Poland showed his work had gone well and now he’s set for the Vuelta start.
“The wins thus far are all pretty equal,” he said, reflecting on what he has achieved in 2015. “The race in Spain that I won when I first got over here was probably one of the most special ones because I had guys like Simon Gerrans and Daryl Impey leading me out.
“These were guys that I have been looking up to for the past five, six, seven years. So to have them in front committing for me to win the race is pretty cool.
“That made it one of the most special results. But winning the overall in Korea was also pretty cool. It’s been good.”
Ewan has a proven winner’s instinct, but he’s not quite sure what to expect of himself – and from the race – in the Vuelta.
“I think the first half is really quite tough,” he said. “I think there will be maybe just two sprints for pure sprinters. It is a tough one. Even a lot of the easier stages finish on an uphill.”
Asked how far he plans to go in the race, he said that is undecided. “It is kind of up in the air at the moment, to be honest,” he said.
“No-one really knows, including myself, as to how I am going to go in the first week or week and a half. It is a level up from what I am used to. And especially with the strong GC teams here, the pace up the climbs is going to be super hard.
“I think we will just take it stage by stage and see where I end up.
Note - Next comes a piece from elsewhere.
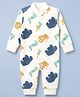 Ben Benny Interlock Knit Front Open Full Sleeves Romper with Elephant, Lion & Crocodile Print - White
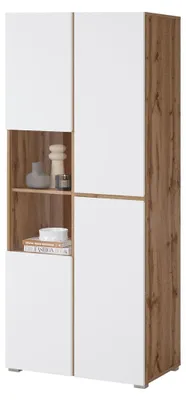Immagine prodotto di Vetrina HAVANA – Eleganza minimalista in rovere chiaro e bianco opaco - Senza LED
But I don’t think that I will do more than ten days. That is probably the maximum that I will do…I think it is a good goal for me to try to reach that.”
Ewan sees sense in that: he notes that in the past other riders have dug in very deep to try to go as far as possible in the Vuelta and have paid a price as a result. They have been ‘wrecked,’ he says.
Instead, he believes it’s wiser to take things more slowly. Completing a three week race in 2016 is, he believes, a more logical goal.
In the meantime, he’ll aim high in the Vuelta without being obsessed by chasing a particular result.
“Obviously it would be nice to get a win here. But the main thing is I get the experience,” he stated.
“It is different racing a Grand Tour. Next year I want to maybe do the Giro and then do the Vuelta again. Hopefully then I am ready to win stages.
“Basically, I am here now to learn how it all goes. I think that is the main goal. This year it is more of a development thing than anything.
“But,” he added, showing his sprinters’ ambition, “obviously I have come here and I want to win as well.”